After that, louder and harder and closer to burning up completely was impossible, and Steely dan started to be smirkingly wonderful channelling a little Miles, and also Duke and Bill Evans themselves, but it sure wasn't the lord talking. Maybe the mob, but certainly not the lord. But there was also disco, and urban cowboys and just so much junk. Then Joni Mitchell, always sort of guilty pleasure for an aspiring hip very young man ( I mean the girls in the dorms played her out the window, she was just so sensitive), finds this simple Major 6th groove on an extended road trip, and behind her is this stacatto THUNDER on the bass. It was of course Hejira and my (and pretty much everyone's) first Jaco Pastorius sighting. Who had ever heard a bass player who made you cry? Of course there had been wonders before him, like Scott Lafaro, but they lacked the electric bass options and that rapturous use of echo delay. Jaco burned so brightly and yet so sadly.

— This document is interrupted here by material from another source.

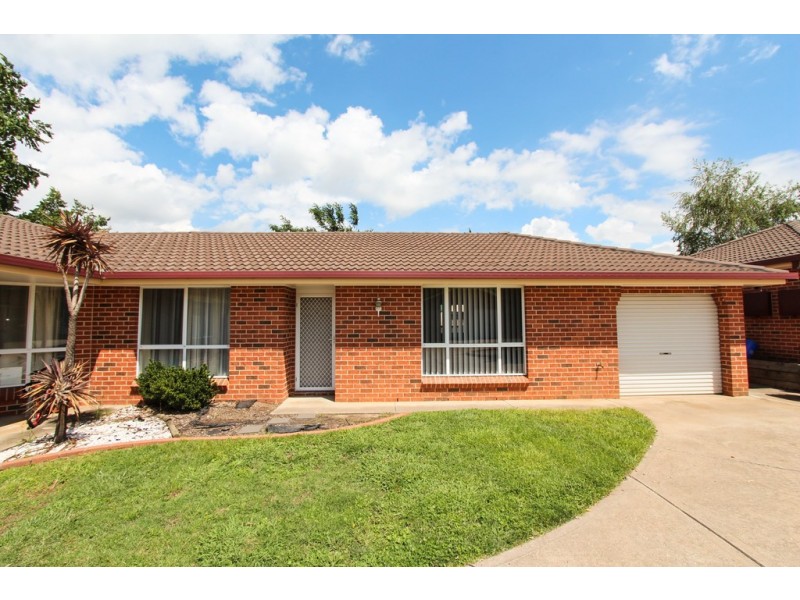 2/42 Lambert St, Bathurst NSW 2795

The next time it was Coltrane himself that I found. i was working sometimes 50 hours a week and learning to relax in spite of it, and it was the 80's and career time and I needed something to nourish me. Suddenly, all those sheets of notes on the Saxaphone that my father had found so rapturous in the early 60's, but which sounded like noise to my very young ears, made absolutely perfect sense. It had been around for 20 years, but finally i was ready to receive it. First, My Favorite Things, and the most perfect instrumental solo, the last one, on the soaring Soprano Sax. My tears flowed like they had never before. Truly this was even better than what had, in my young experience, proceeded it. But it was really from 1960 and if only I had been able to hear a little earlier. A little later I was finally ready for A Love Supreme, and this time there was absolutely no doubt of what Coltrane and Elvin and Mccoy Tyner had intended. .

So much wonderful religion. Without the guilt or the thou shall nots. Just sound.

Slight Postscript: flash to the later 1980's, i was doing a little "new age" music seeking beyond electronic droning, which revealed-though I had heard him before, without paying much attention, the mellow midwestern country-raised genius with ears for Ornette Coleman and those flashing but soft hands. That was and is Pat Metheny, he deserves a tribute of his own for doing without flares and without drama what the world of music needed for nourishment, a reason to continue beyond tributes to the past. A tribute to Pat is planned for another day or night.